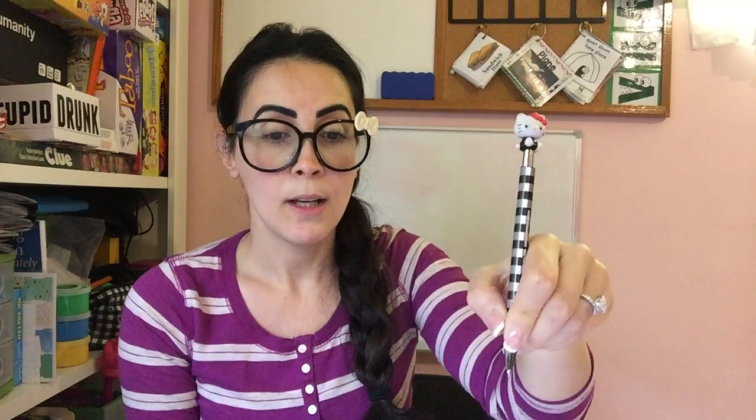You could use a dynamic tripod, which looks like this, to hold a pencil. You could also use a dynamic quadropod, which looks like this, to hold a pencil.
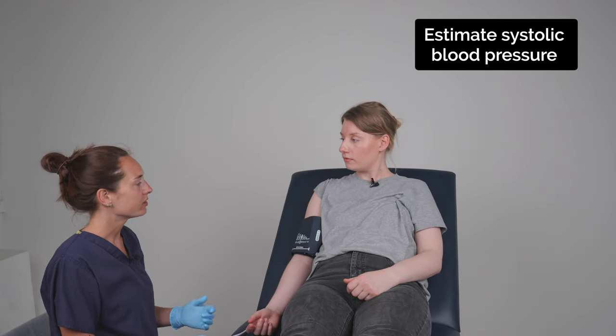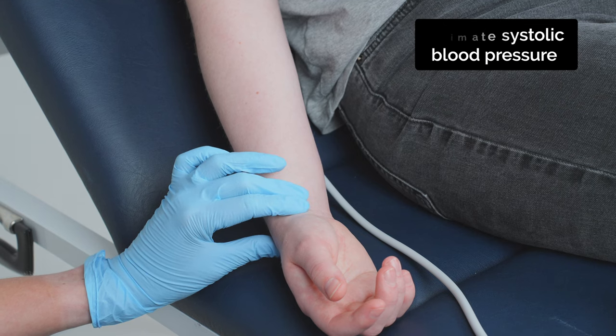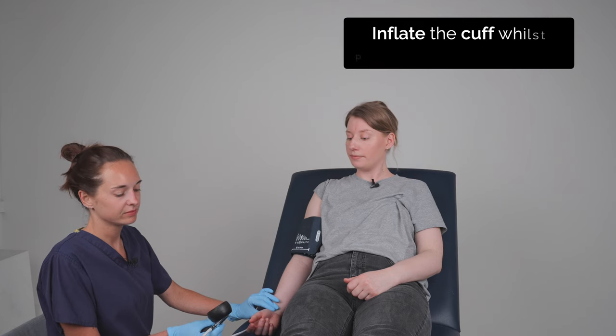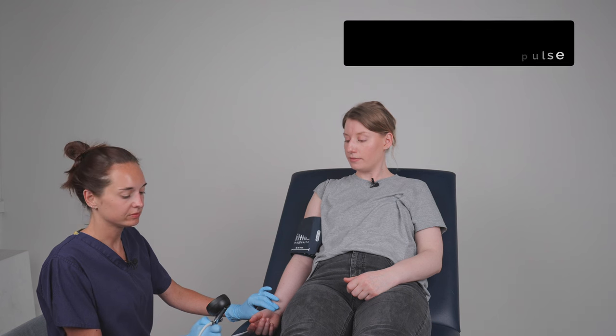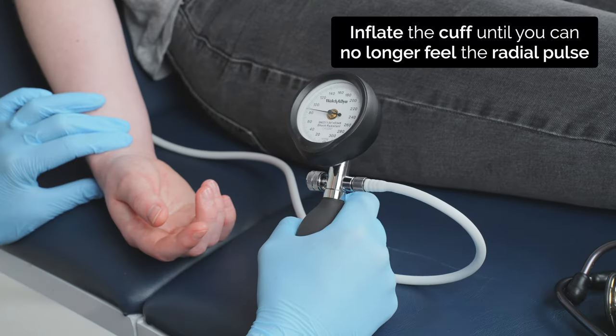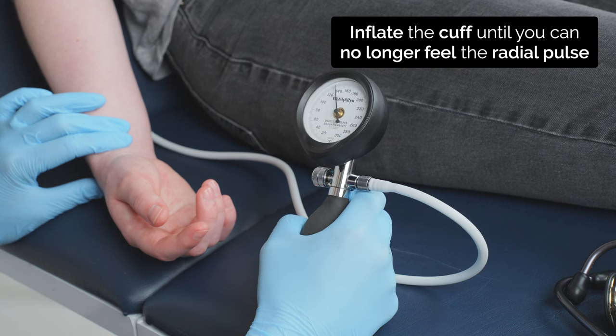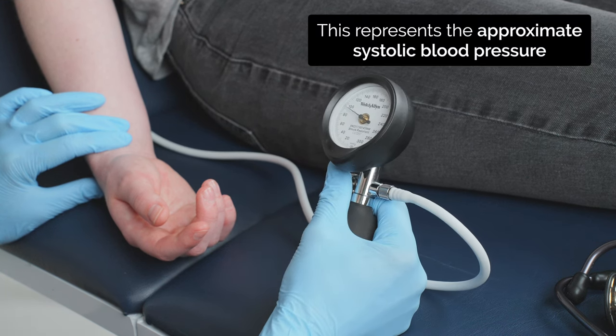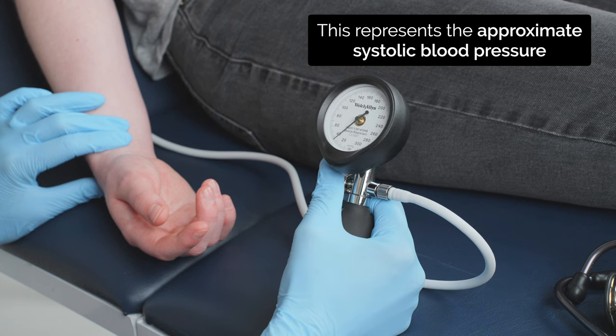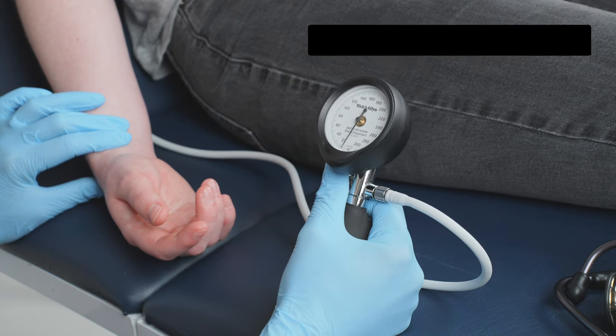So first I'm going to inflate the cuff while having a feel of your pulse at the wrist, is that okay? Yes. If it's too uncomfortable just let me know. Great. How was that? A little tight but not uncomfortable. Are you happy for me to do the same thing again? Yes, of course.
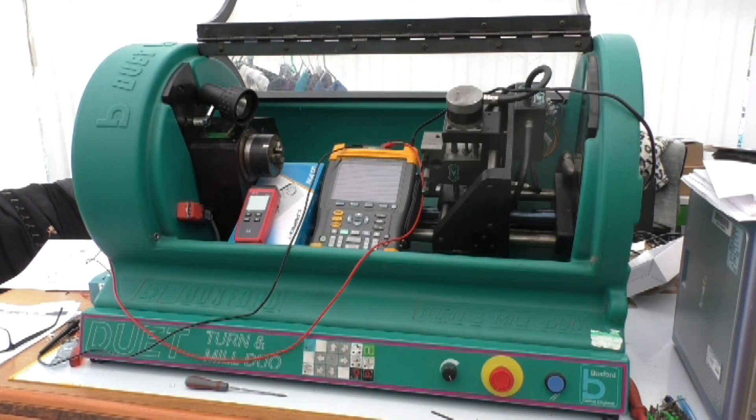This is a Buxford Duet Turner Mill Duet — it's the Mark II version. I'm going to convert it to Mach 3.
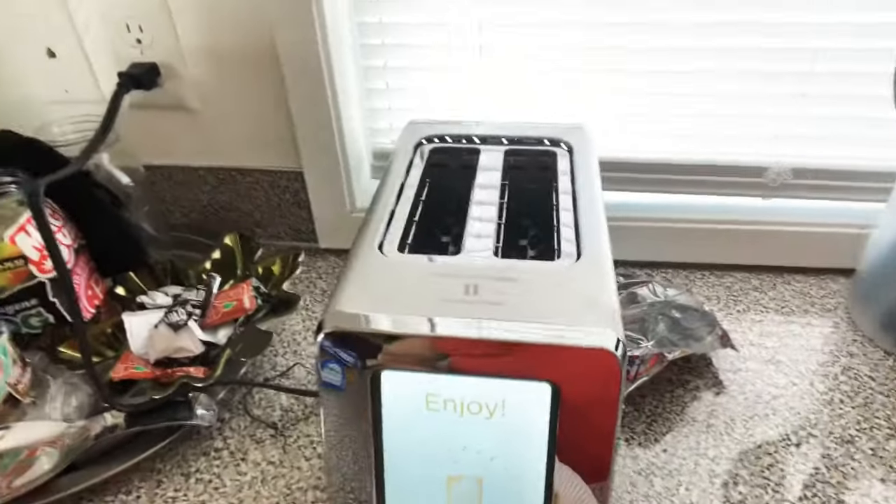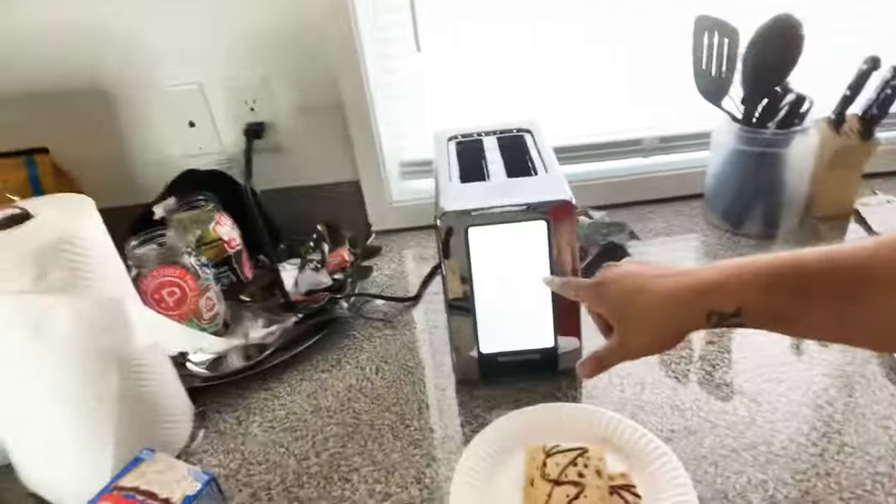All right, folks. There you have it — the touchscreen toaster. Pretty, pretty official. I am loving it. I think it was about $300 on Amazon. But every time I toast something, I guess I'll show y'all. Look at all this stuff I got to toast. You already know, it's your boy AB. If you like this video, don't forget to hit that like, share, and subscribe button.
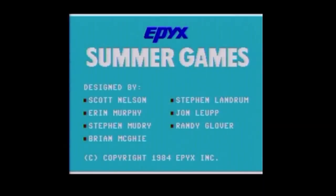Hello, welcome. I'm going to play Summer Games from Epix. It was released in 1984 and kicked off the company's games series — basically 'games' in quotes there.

* * *

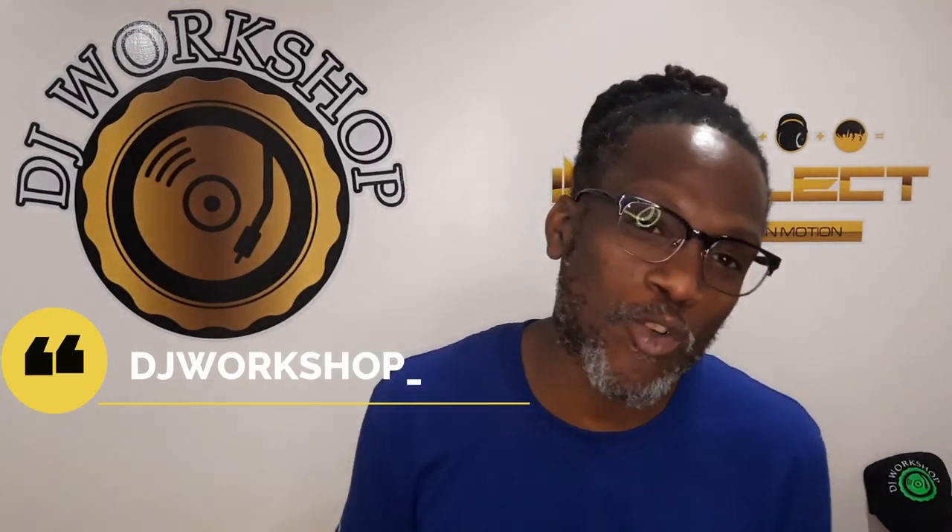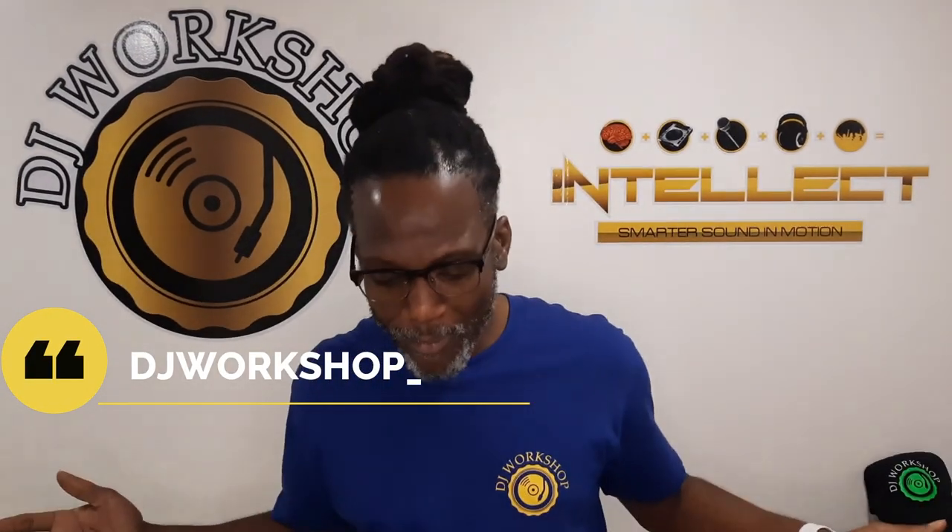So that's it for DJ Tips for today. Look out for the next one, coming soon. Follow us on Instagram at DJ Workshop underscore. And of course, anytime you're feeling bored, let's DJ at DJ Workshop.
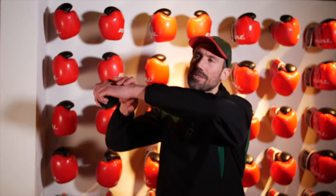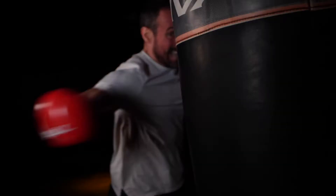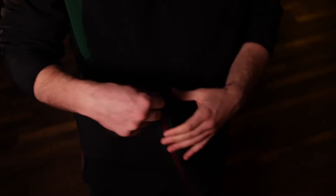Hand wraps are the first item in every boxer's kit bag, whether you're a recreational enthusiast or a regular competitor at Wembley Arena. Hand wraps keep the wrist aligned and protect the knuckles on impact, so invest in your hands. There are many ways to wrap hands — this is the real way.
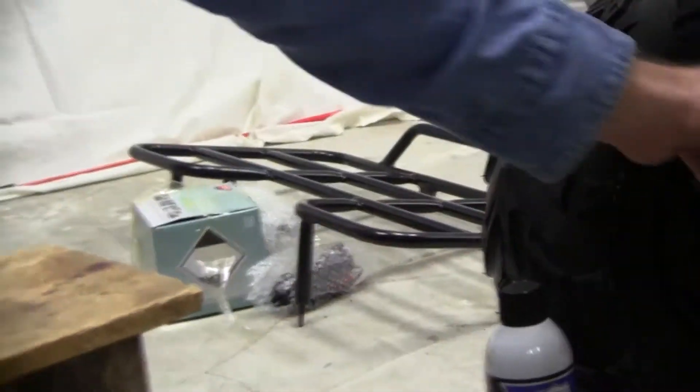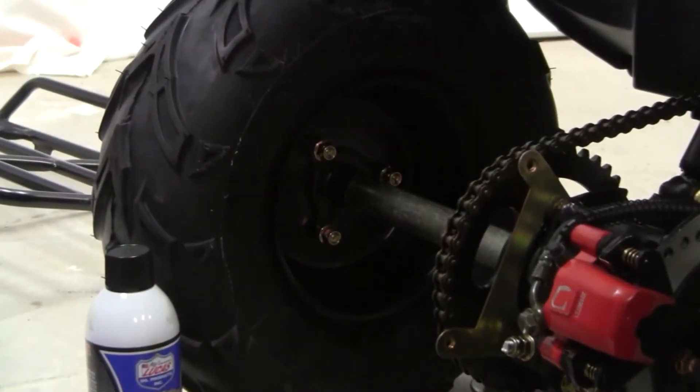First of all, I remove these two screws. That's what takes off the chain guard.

--

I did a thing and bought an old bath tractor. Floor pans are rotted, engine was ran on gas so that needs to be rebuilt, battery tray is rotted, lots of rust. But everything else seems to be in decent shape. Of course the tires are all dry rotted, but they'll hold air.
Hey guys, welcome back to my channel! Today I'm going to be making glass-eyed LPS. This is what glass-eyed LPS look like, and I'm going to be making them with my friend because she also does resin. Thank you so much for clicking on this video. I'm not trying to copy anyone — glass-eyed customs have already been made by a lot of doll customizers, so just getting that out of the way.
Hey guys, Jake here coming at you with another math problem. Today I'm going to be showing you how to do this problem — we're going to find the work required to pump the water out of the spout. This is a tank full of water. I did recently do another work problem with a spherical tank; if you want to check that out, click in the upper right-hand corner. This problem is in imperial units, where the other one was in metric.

What you have to do =>
The response must repeat exactly the lines above from the one with "This is a Buxford" through the one with "Hello, welcome. I'm", including both, and must contain no pictures and no other text.

Answer for this exercise =>
This is a Buxford Duet Turner Mill Duet — it's the Mark II version. I'm going to convert it to Mach 3.
All right, folks. There you have it — the touchscreen toaster. Pretty, pretty official. I am loving it. I think it was about $300 on Amazon. But every time I toast something, I guess I'll show y'all. Look at all this stuff I got to toast. You already know, it's your boy AB. If you like this video, don't forget to hit that like, share, and subscribe button.
Hello, welcome. I'm going to play Summer Games from Epix. It was released in 1984 and kicked off the company's games series — basically 'games' in quotes there.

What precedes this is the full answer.